Set down the lines below, exactly, starting at the one that contains "5 999 р. Стекло" and stopping at the last line, inclusive. Omit pictures.

* [Information given]:
########
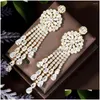 Bengelen kroonluchter bengelen oorbellen hibride kwalen Afrikaanse druppel voor vrouwen bruiloftsfeest Dubai Bridal Jewelry Boucle Doreille Femme Dhi0i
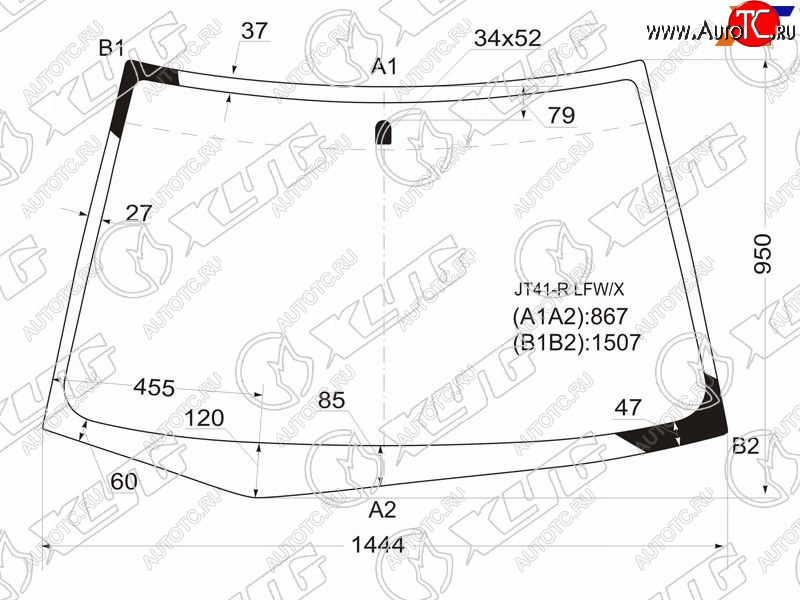 5 999 р. Стекло лобовое Mitsubishi Lancer 02-10  Lancer Cedia 00-03  Lancer Evolution 01-08 XYG JT41-R LFW/X  с доставкой в г. Пермь
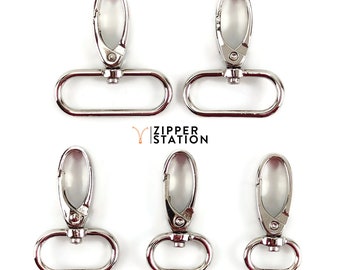 Silver Bag Clasps - Lobster Swivel Trigger Clips Snap Hook - 5 sizes from 16mm to 38mm webbing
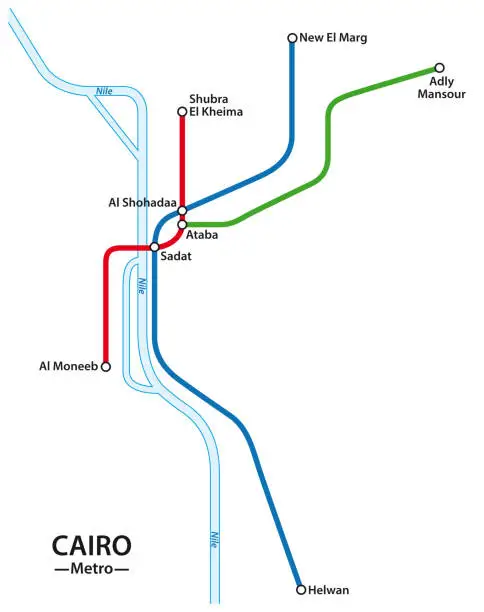 Vector illustration of vector metro, subway map of the Egyptian capital Cairo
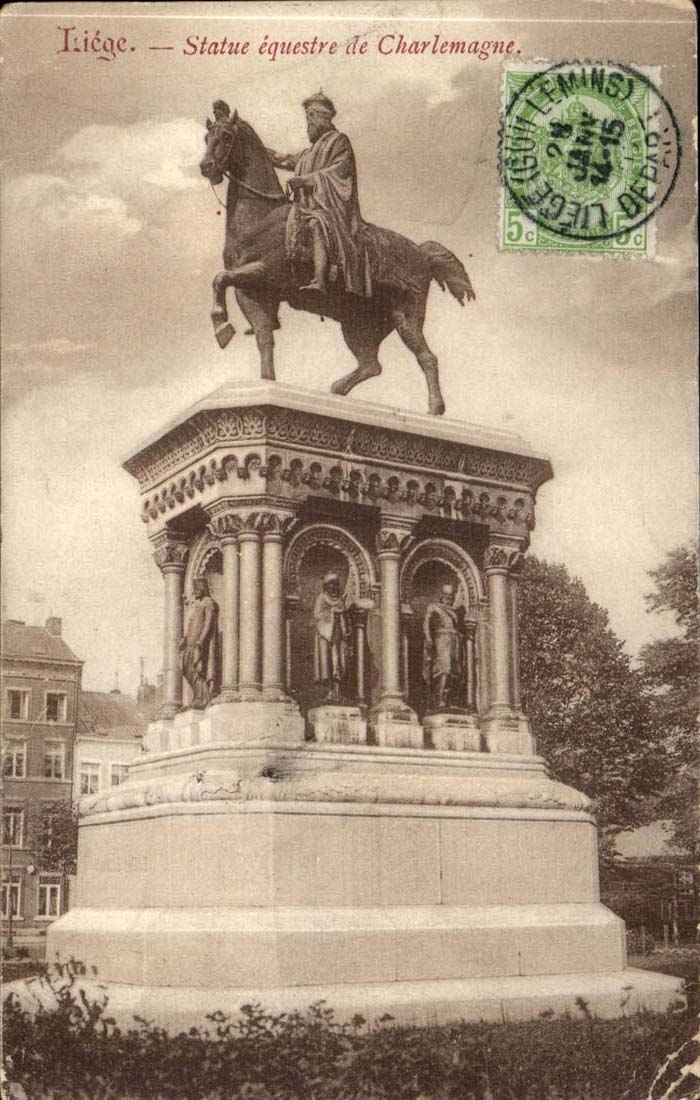 Belgium Liege CPA Statue equestrian of Charlemagne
########
* [Reply to the exercise]:
 5 999 р. Стекло лобовое Mitsubishi Lancer 02-10  Lancer Cedia 00-03  Lancer Evolution 01-08 XYG JT41-R LFW/X  с доставкой в г. Пермь
 Silver Bag Clasps - Lobster Swivel Trigger Clips Snap Hook - 5 sizes from 16mm to 38mm webbing
 Vector illustration of vector metro, subway map of the Egyptian capital Cairo
 Belgium Liege CPA Statue equestrian of Charlemagne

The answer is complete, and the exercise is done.